Choosing a color for the home's exterior proved to be a major sticking point. "My husband is very conservative," says Sandie, "and I'm more flamboyant. I wanted this bold orange-gold color — it's very prominent in Florida but not here in Tulsa — and he said, 'No.' I said, 'What do you want, beige? Look around. Every house is like that. Is that what you want?'" The builder eventually convinced Donne to give the bolder color a try, telling him, "If you'll just stay with this, I think you'll like it when it's done."

When Donne and Sandie first saw the new stucco job, there was no trim work, no terra-cotta tile roof, no landscaping, and it appeared they'd made a colossal mistake. Donne put it this way: "It looked like a big old pumpkin sitting out there in the field." Even Sandie began to have her doubts, though when she'd originally put all the colors on a design board they had meshed beautifully. "I said to my husband, 'If it doesn't turn out the way we want, we can paint it.' That appeased him." The story has a happy ending. "He loves it now! Everyone in the neighborhood loves it. It's a cheery color, warm and happy. Besides, it's kind of nice to be different." There's even a postscript. "We're building a place in Colorado," says Sandie, "and I think we're going to use a similar color."


Donne and Sandie did their homework, leafing through book after book devoted to Mizner architecture. Their home incorporates many key elements of his signature style: flowing arches, gracefully winding staircases, soaring 22-foot ceilings, the extensive use of natural materials — stone, pecky cypress, wrought iron — and, of course, the sunny stucco exterior. Replicating the Mizner style sometimes took some doing. "We'd come across entryways with stone arches and say, 'This is what we want.' You see a lot of that in Florida, but it's less common here." Donne and Sandie also wanted the stone arch to be carved with eagles similar to those on the U. S. dollar bill. "My husband is part Cherokee Indian," explains Sandie, "and he has a collection of eagles." After finding a stoneworks in California to handle the job, their architect drew the arch to scale, and the company in turn sent him a rendering in scale. "He put his stamp of approval on it, and they carved it," Sandie says.
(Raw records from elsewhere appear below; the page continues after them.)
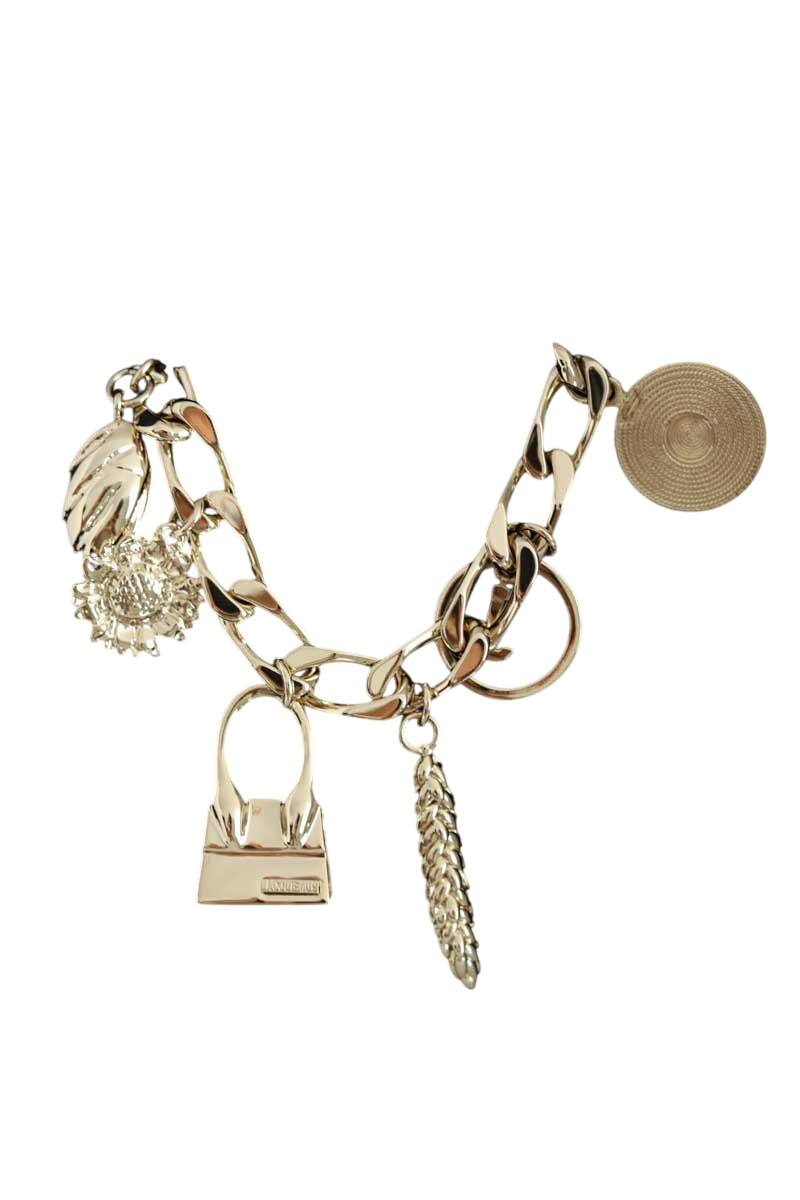 Bracelet Jacquemus  Doré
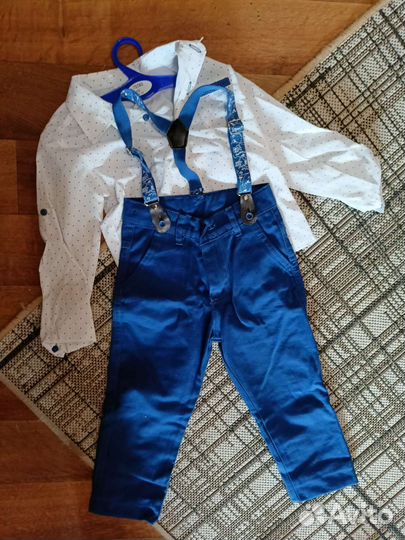 Костюм для мальчика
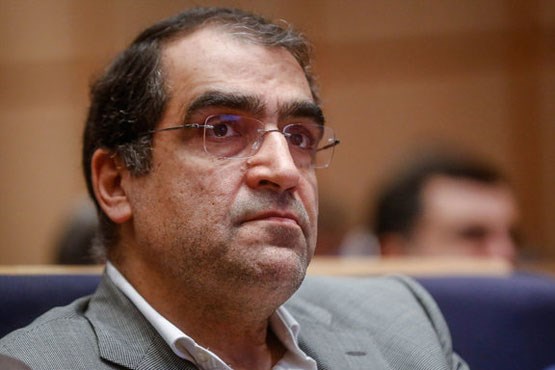 وزیر بهداشت به نمایندگی از رئیس جمهور عازم مشهد شد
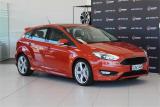 2018 Ford Focus TITANIUM 1.5L PETROL AUTO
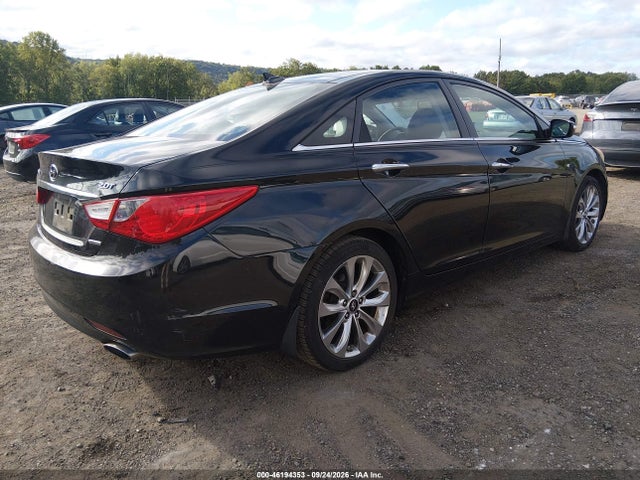2012 Hyundai Sonata Limited 2.0t მანქანა იყიდება აუქციონზე, vin: 5NPEC4ABXCH464232, აუქციონის ნომერი: 46194353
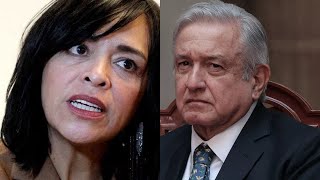 SIGUE CAYÉNDOSE A PEDAZOS ACUSACIÓN VS AMLO… Y PERSONAJES COMO ANABEL HDZ SON EXHIBIDOS [upl. by Beitris]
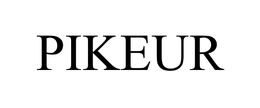 PIKEUR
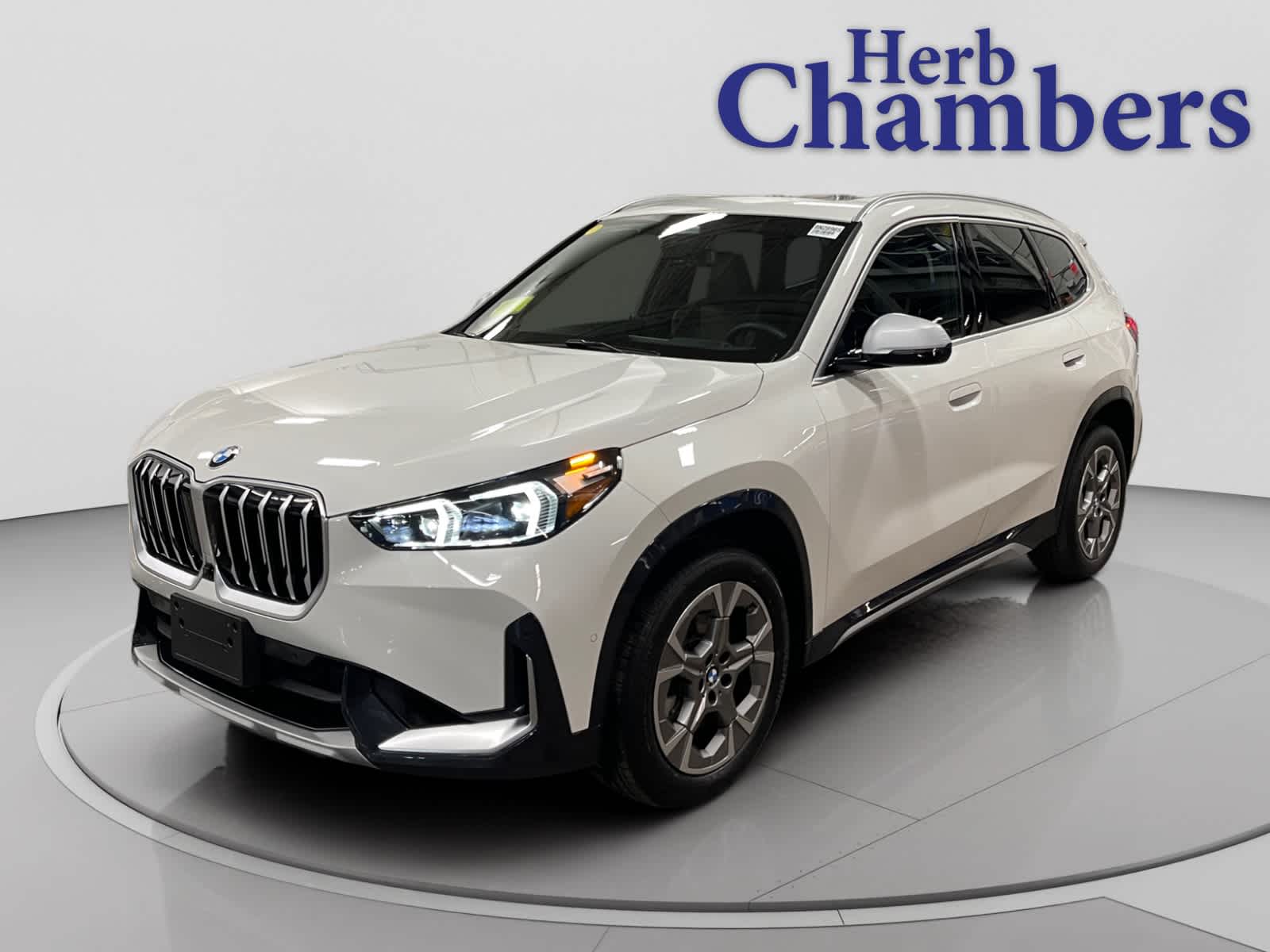used 2023 BMW X1 car, priced at $34,497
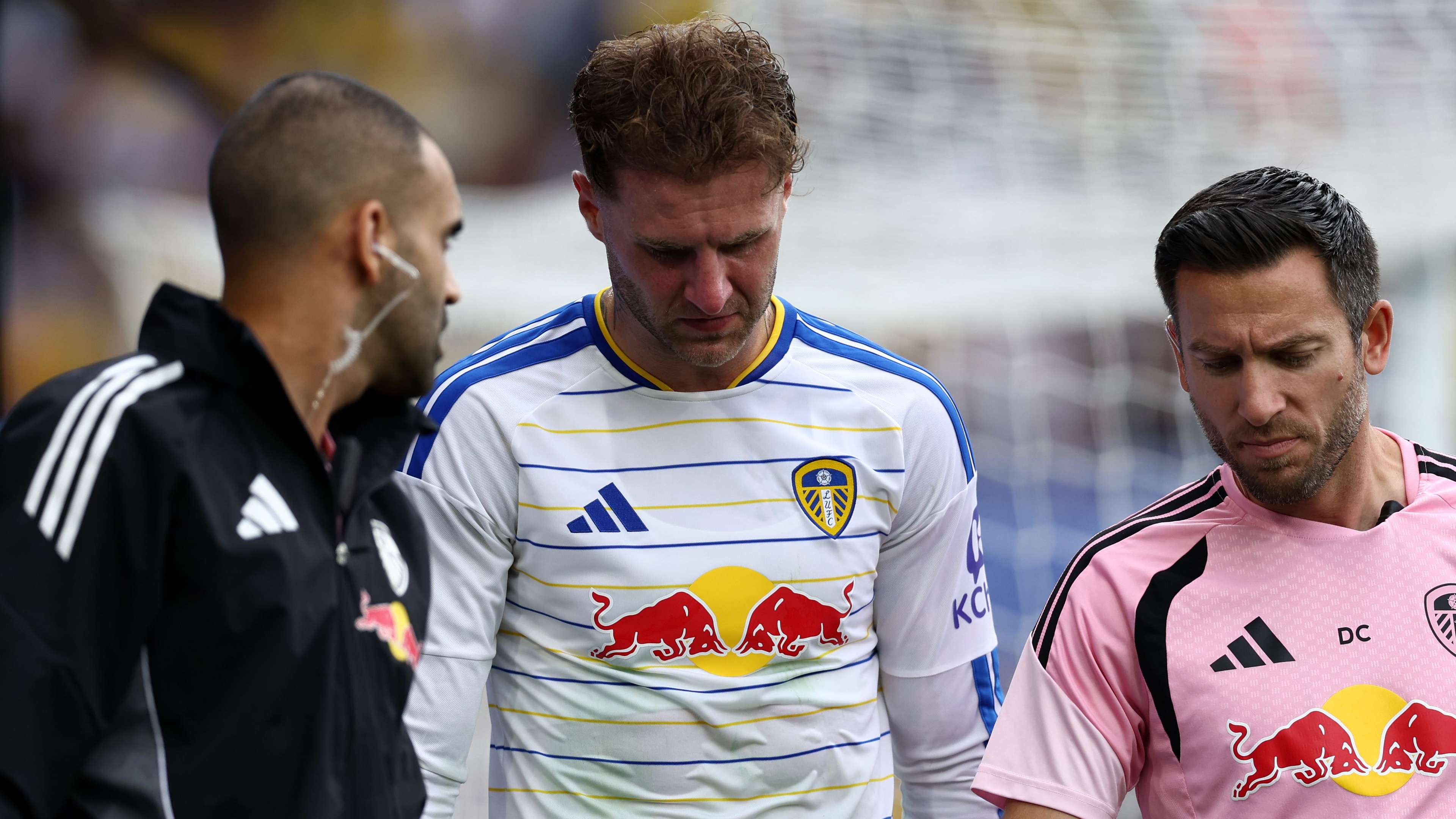 Rodon out for 10 weeks at Leeds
Bold golden-orange stucco, a terra-cotta tiled roof, and arching cantara-marble entry
typify the Spanish-revival style. Shop Outdoor Living.

The 18-foot mantel in the living room and the kitchen's barley-twist columns were products of the same time-consuming, labor-intensive process, all of them carved from cantara marble, a softer, more carvable stone than, say, travertine. "The stonework would arrive in parts. We'd never get the whole finished product at once. One of the pieces might be broken, and then we'd have to reorder. It took forever! I understand from everyone who's ordered stone that's just the way it is." Much of the stonework, however, including the club room's floor-to-ceiling mantel, which encompasses wooden cabinetry on either side, was created by a local stonemason, and the work proceeded in a more expeditious manner.


Much of the home's charm can be attributed to Sandie's decorating know-how — and her penchant for antiques, many of them treasures unearthed on her shopping trips to Europe. "I went to the flea market in Paris and brought back two huge urns that sit on the front porch, bronzes, and the 25-light chandelier that hangs over the kitchen island. A local antique dealer let me share a space in his container." She also went to the design centers in Denver, Dallas, and Atlanta. How did she know which antique markets to frequent? "I learned from listening to friends and decorators talk."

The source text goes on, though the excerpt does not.